Social marketing of treated bednets reduces loss of life (pp. 269–276)

"Social marketing" offers a way to promote the use of insecticide-treated bednets on a large scale and reduce malaria illness and death. Starting in 1997, discussions with householders in two southern districts of the United Republic of Tanzania provided data on their perceptions of the causes of child deaths, the usefulness of mosquito nets and treating them, and of malaria. Nets and insecticide for treating them were packaged and branded accordingly, and sold by sales agents who included health workers, shopkeepers, religious leaders and village government workers. Analyses suggest that the approach is cost-effective.

 


 

Safe injections avert loss of life-years at reasonable cost (pp. 277–285)

Averting the loss of one healthy life-year by providing for safe injections costs much less than one year of average per capita income. The calculation was based on the current figures for infection caused by unsafe injections modelled over a 30-year period from 2000 to 2030 in 12 epidemiological subregions. Reuse of injection equipment is thought to have caused 32% of the new infections during the year 2000 with hepatitis B virus, 40% of those with hepatitis C virus, and 5% of those with HIV. Making injections safe is also a way to apply the ethical principle of medicine: "first do no harm".

 


 

Practice falls far short of knowledge in management of giving birth (pp. 286–291)

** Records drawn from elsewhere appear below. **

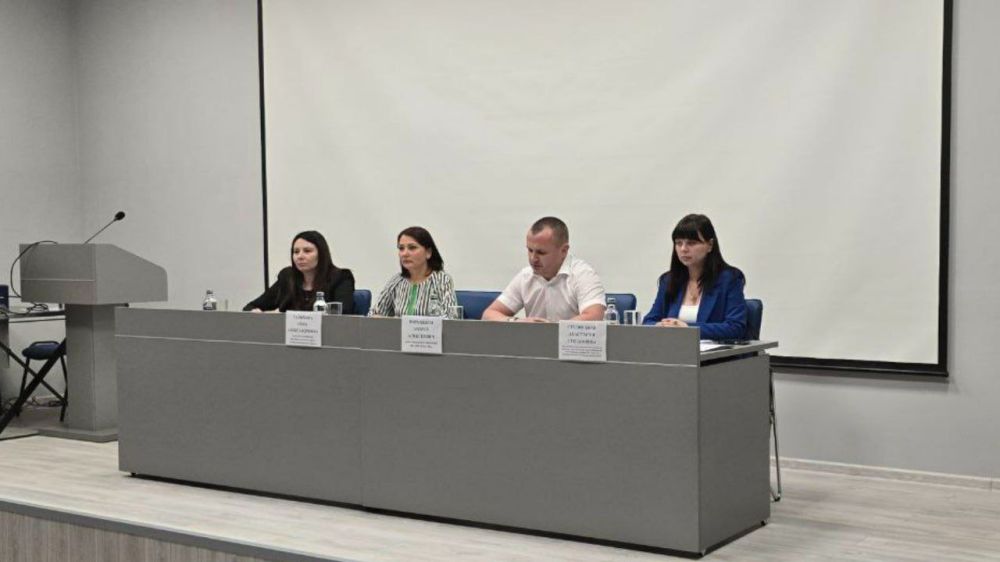 30 мая заместитель министра ЖКХ Республики Крым Нина Талыбина и врио генерального директора Регионального фонда капитального ремонта Андрей Вороньков провели рабочее совещание с представителями подрядных организаций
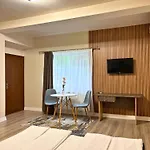 公寓式酒店 Bonjour 3*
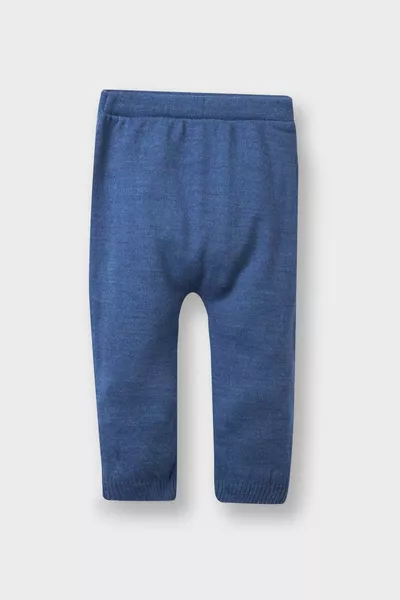 طقم رضّاع ولد مكون من قطعتين، سترة صوفية بأزرار وأكمام طويلة بنقشة محبوكة، وبنطلون صوف مطاطي عند الخصر A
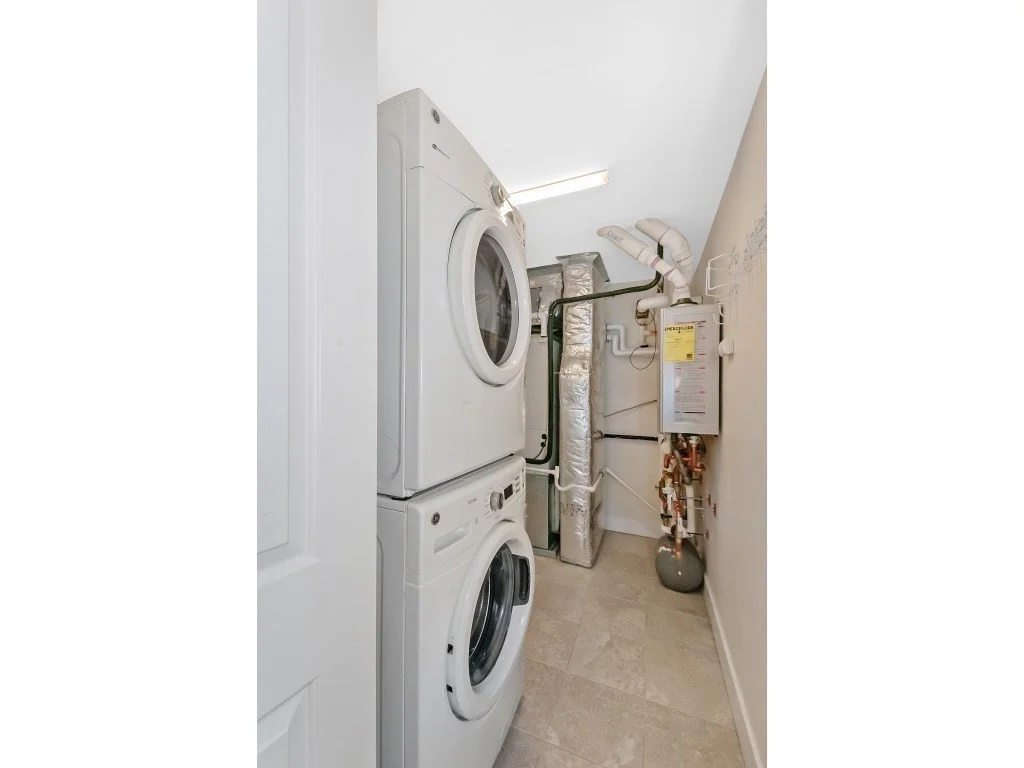 321 Hammond Pond Pkwy, Chestnut Hill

Active management of the third stage of labour entails administration of oxytocics during delivery, controlled cord traction, and early cord clamping. Observation of 30 consecutive deliveries in 15 university-based referral obstetric centres revealed that this intervention was used in only 24.6% (111/ 452) of the deliveries. Postpartum haemorrhage accounts for about half of the 600 000 maternal deaths that occur each year, and increased use of the currently recommended evidence-based management practices would be likely to reduce it significantly.

 


 

New health businesses challenge government services to improve (pp. 292–297)

Private commercial primary health care companies are demonstrating that services which users find acceptable can be provided at low cost. An increasing number of them are operating in South Africa. They are popular with users and run at a cost per visit comparable to public sector clinics, but their role in tackling important public health problems is more limited. They also tend to exclude the poorest population groups, which are an important priority for the government. They could, however, be encouraged to compete for government funding, though contractual arrangements may be difficult to make and sustain.

 


 

Public health classic: management of pneumonia in children (pp. 298–305)

In 1984 Frank Shann et al. established guidelines for acute lower respiratory tract infections (ARI) in children on the basis of a study of 200 children brought to the outpatient department of Goroka Hospital in Papua New Guinea, and published their findings in the Bulletin. What began as a modest protocol in a small provincial town of a small low-income country has become the technical core of the global strategy for reducing ARI mortality in children.